Notes on life, art, photography and technology, by a Danish dropout bohemian.
Monday, July 01, 2013
Too-short zoom. Leica X Vario
Leica has come out with a brand new model, the X Vario, which is "economical" compared to most Leica cameras at US$ 2,850.
It's an APSC sensor, meaning pretty big, and it has a fixed zoom lens. Which means this zoom has to be either real damn big and expensive, or it has to be slow and limited in range. Leica chose the latter. It is 3.5 to 6.3.
Worse, in my opinion, is the zoom range: equivalent of 28mm to 70mm. I have had a few cameras and zooms with this range, and I consider it rather useless. 70mm is not even telephoto, it is just long-normal.
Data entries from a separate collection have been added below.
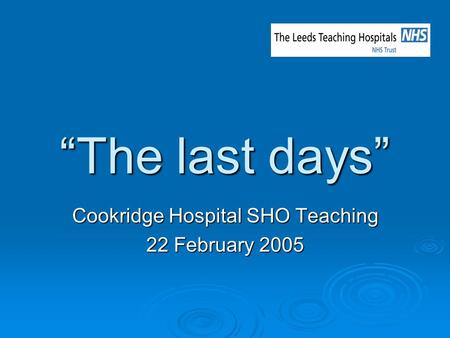 “The last days” Cookridge Hospital SHO Teaching 22 February 2005.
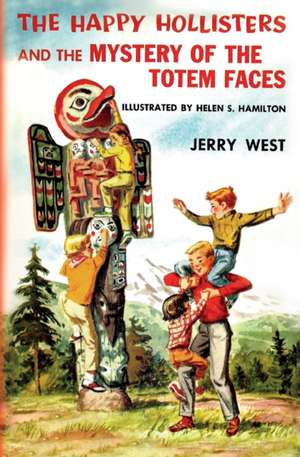 The Happy Hollisters and the Mystery of the Totem Faces de Jerry West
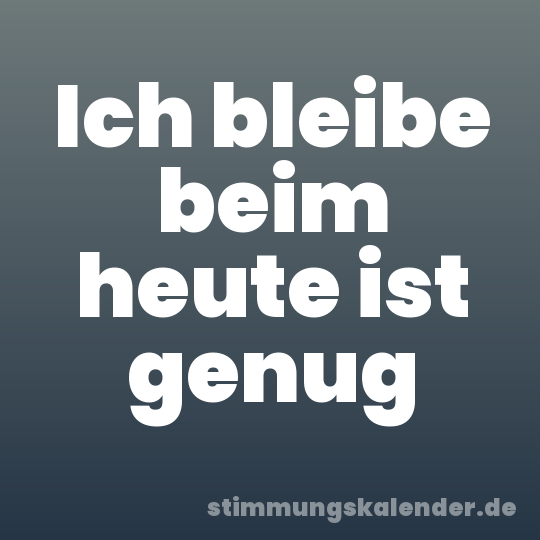 Ich bleibe beim heute ist genug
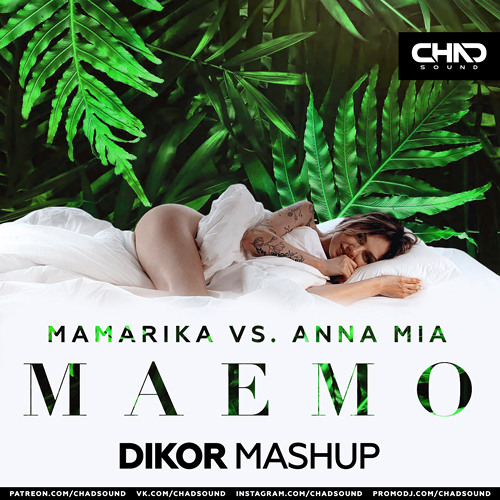 MamaRika vs. Anna Mia — Maemo (DiKor Radio Edit)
In contrast, I've also had, and still use, cameras with a 28mm-120mm range, and I consider these highly useful, going from taking in a landscape or a room, over normal, to covering all normal portrait ranges, to short telephoto.
For me it's a deal breaker. I almost think you may as well make it a prime lens then. This would make it faster, and more compact. And you could crop with limited quality loss. In any case, it doesn't appeal to me. Every time I use a camera with only a 2.5X zoom range, I think 'what is this good for'?
Okay, it should be said, the image quality of the X Vario is outstanding by all reports. That's good. If it wasn't, what would be the raƮson d'etre of it? I'd rather get, for example, one of the new Fuji X-mount cameras, which also have great quality. And exchangeable lenses for much great flexibility.
I think that if Leica had stepped one more step down in sensor size, to Micro-Four-Thirds size, they may have had a much more interesting camera. It could be almost the same image quality, be rather more compact, and have a greater zoom range.